• [Exercise directions] Reproduce the data below exactly. Skip the pictures.

Top of Provided records

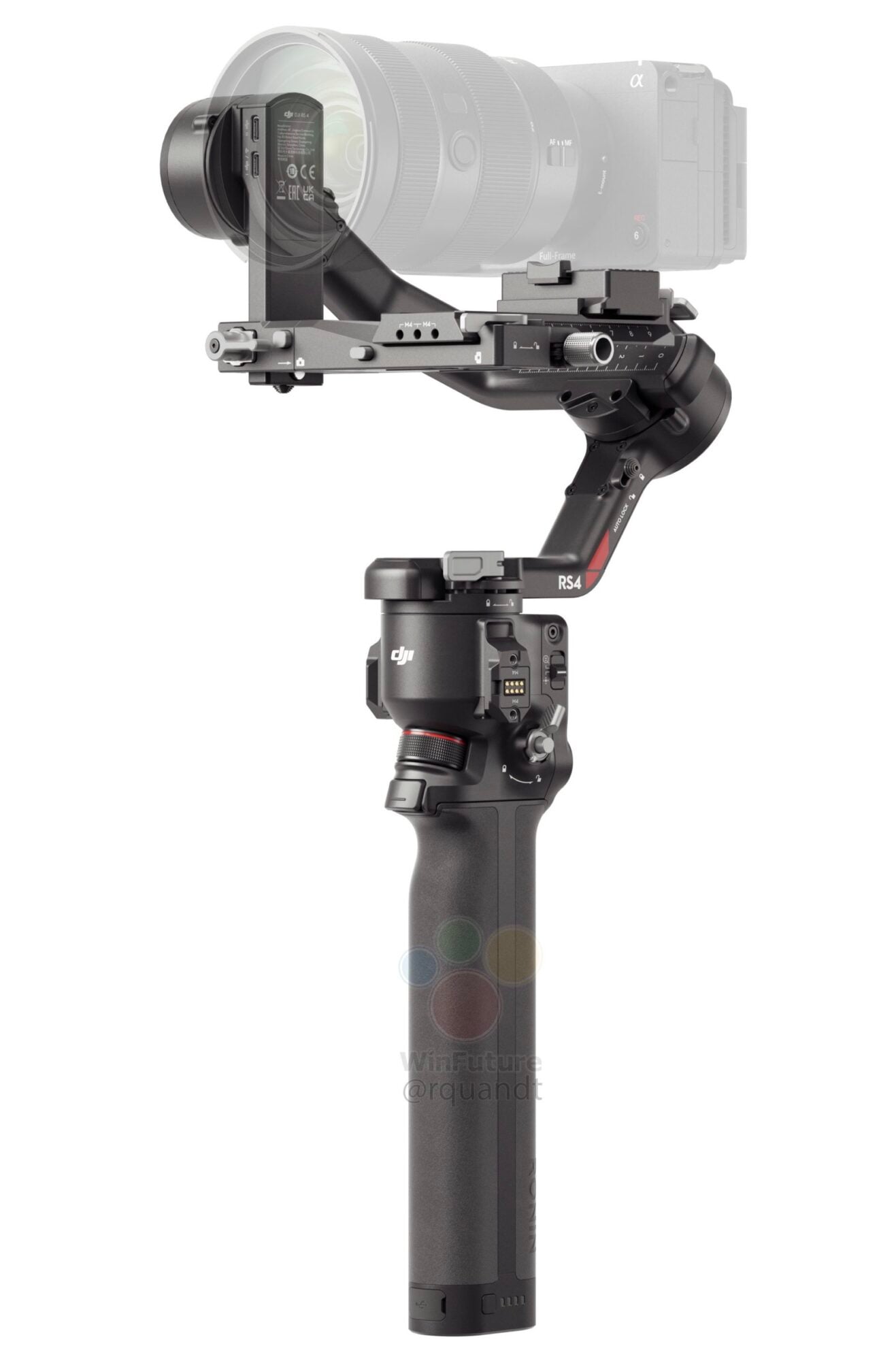 Full-length leaked image of the DJI RS 4 gimbal stabilizer.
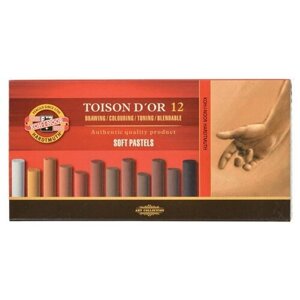 Пастель художественная Koh-I-Noor "Toison D`or Soft 8592 Brown line", 12 цветов, картон. упаковка, 308718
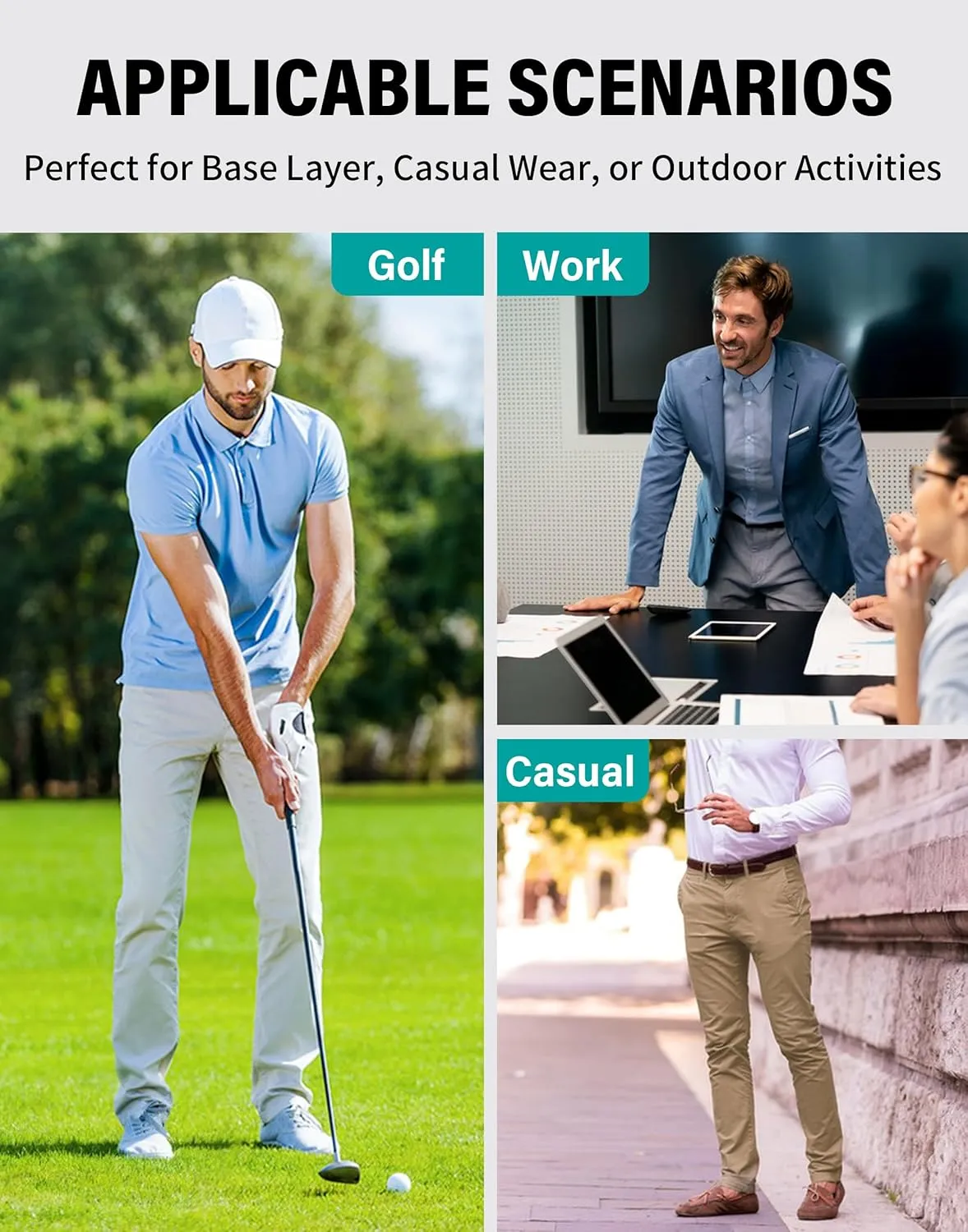 Men's Golf Pants - 30"/32" Dress Pants Wrinkle Free 5 Pockets Stretch Casual Work Travel Slacks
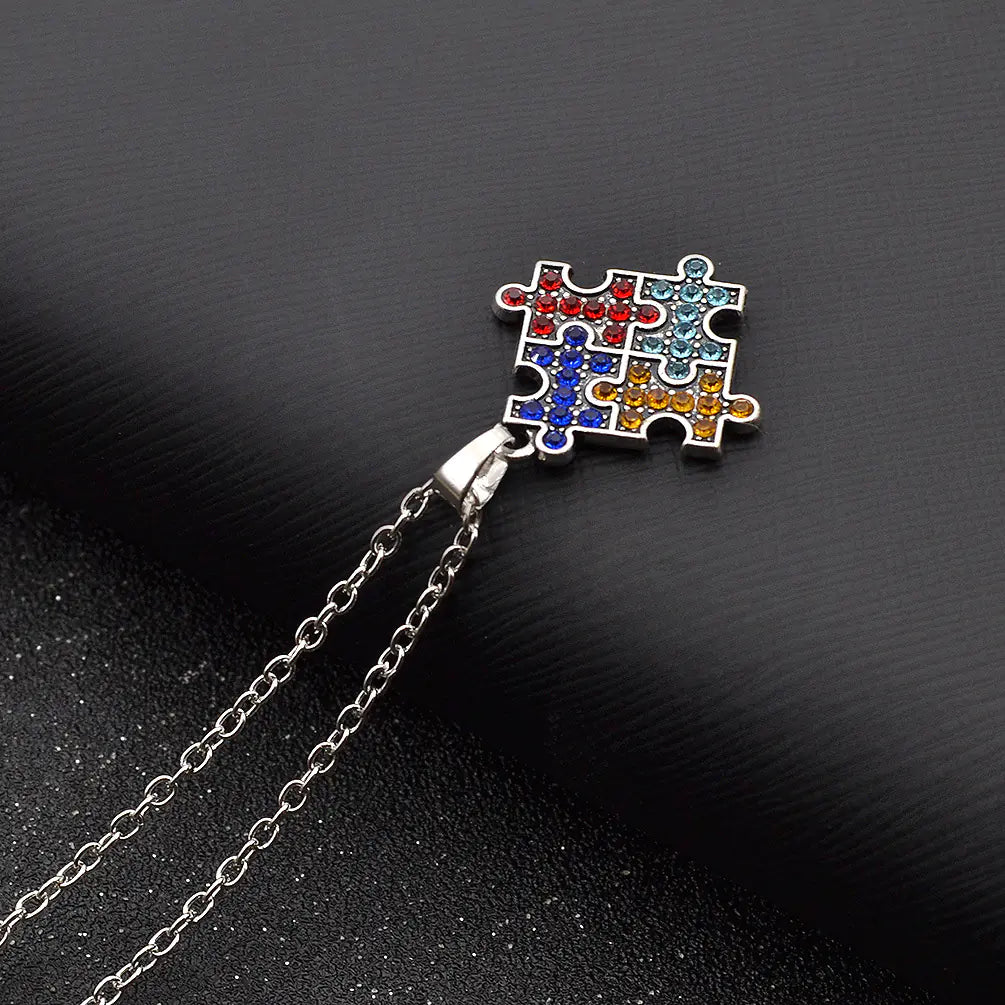 Autism Puzzle Crystal Necklace for eBay and Amazon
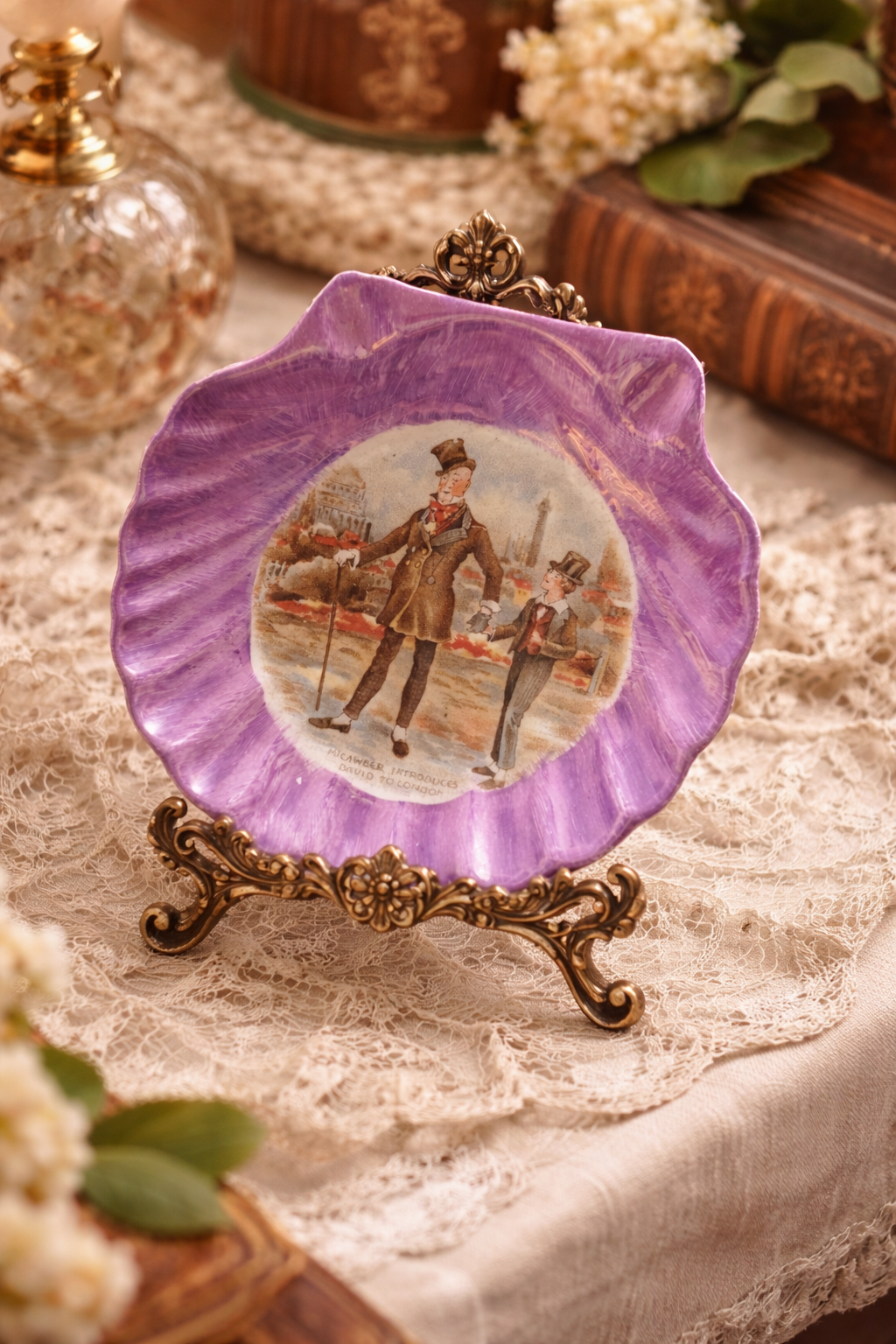Lancaster & Sandland England Vintage Lusterware Dish – Dickens “Micawber Introduces David to London” Purple Collector Piece
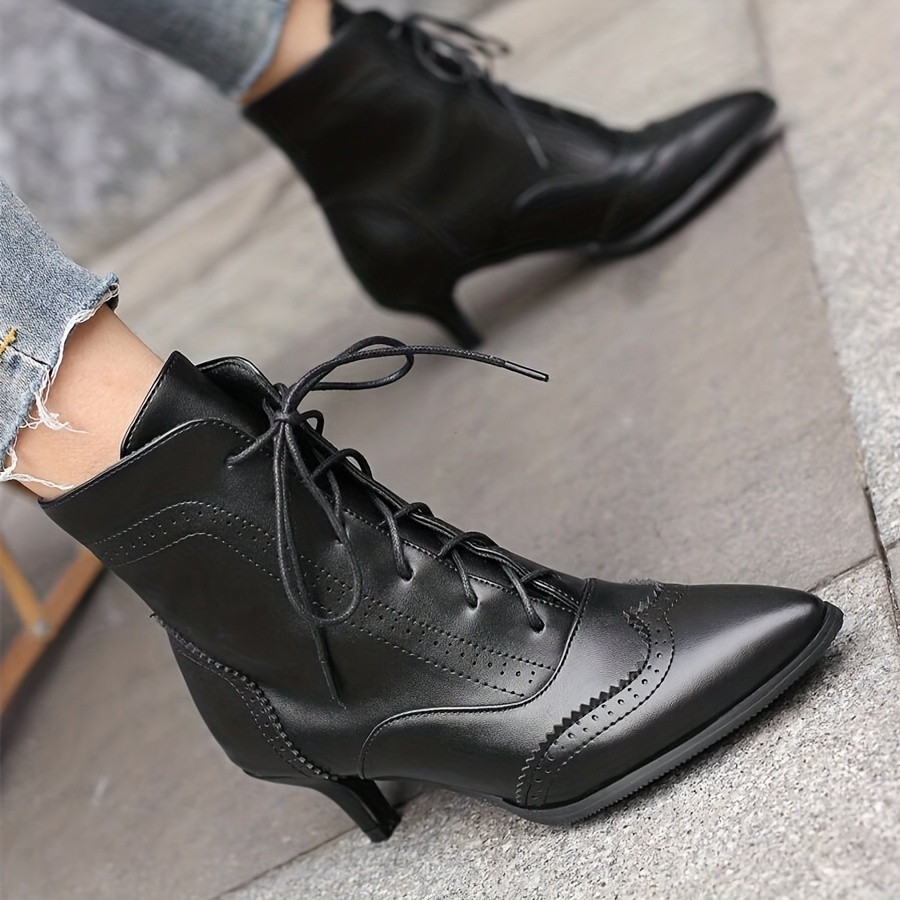 black lace up boots sold on Temu United States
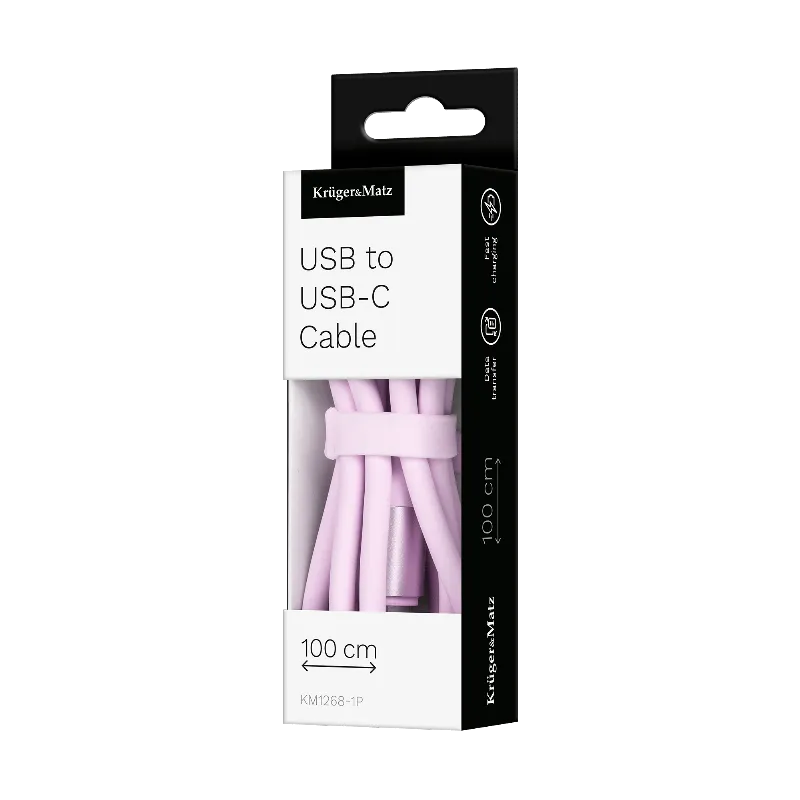Cablu Silicon USB-USB Type C 1M Basic Kruger Matz
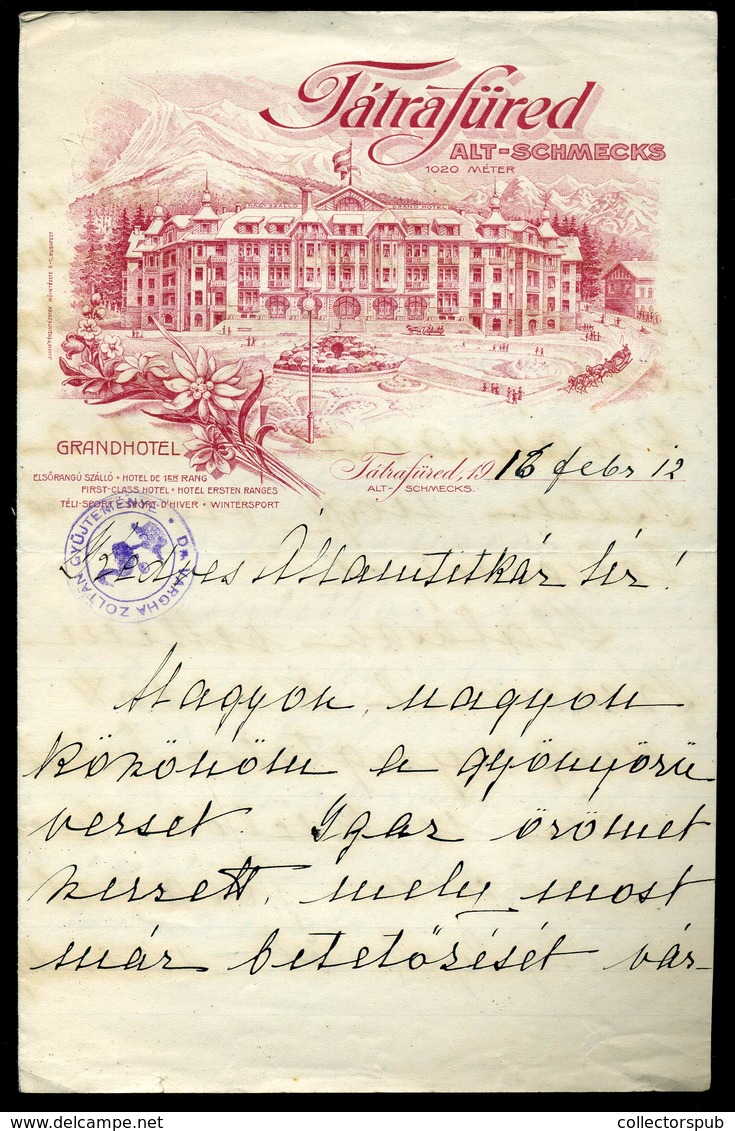 TÁTRAFÜRED 1916. Nagy Szálló , Dekoratív, Fejléces Céges Levél /  Letterhead Letter - Unclassified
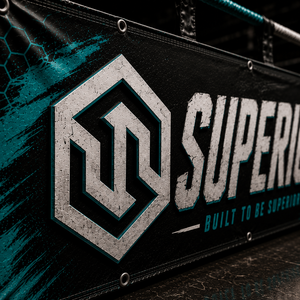 Professional Boxing Ring Branding <b>Banner</b> with High Resolution Graphics Printed Fabric Boxing <b>Banner</b> Blue And Black <b>Banner</b> - Product Image 2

Bottom of Provided records

• [Result of the exercise]
 Full-length leaked image of the DJI RS 4 gimbal stabilizer.
 Пастель художественная Koh-I-Noor "Toison D`or Soft 8592 Brown line", 12 цветов, картон. упаковка, 308718
 Men's Golf Pants - 30"/32" Dress Pants Wrinkle Free 5 Pockets Stretch Casual Work Travel Slacks
 Autism Puzzle Crystal Necklace for eBay and Amazon
Lancaster & Sandland England Vintage Lusterware Dish – Dickens “Micawber Introduces David to London” Purple Collector Piece
 black lace up boots sold on Temu United States
Cablu Silicon USB-USB Type C 1M Basic Kruger Matz
 TÁTRAFÜRED 1916. Nagy Szálló , Dekoratív, Fejléces Céges Levél /  Letterhead Letter - Unclassified
 Professional Boxing Ring Branding <b>Banner</b> with High Resolution Graphics Printed Fabric Boxing <b>Banner</b> Blue And Black <b>Banner</b> - Product Image 2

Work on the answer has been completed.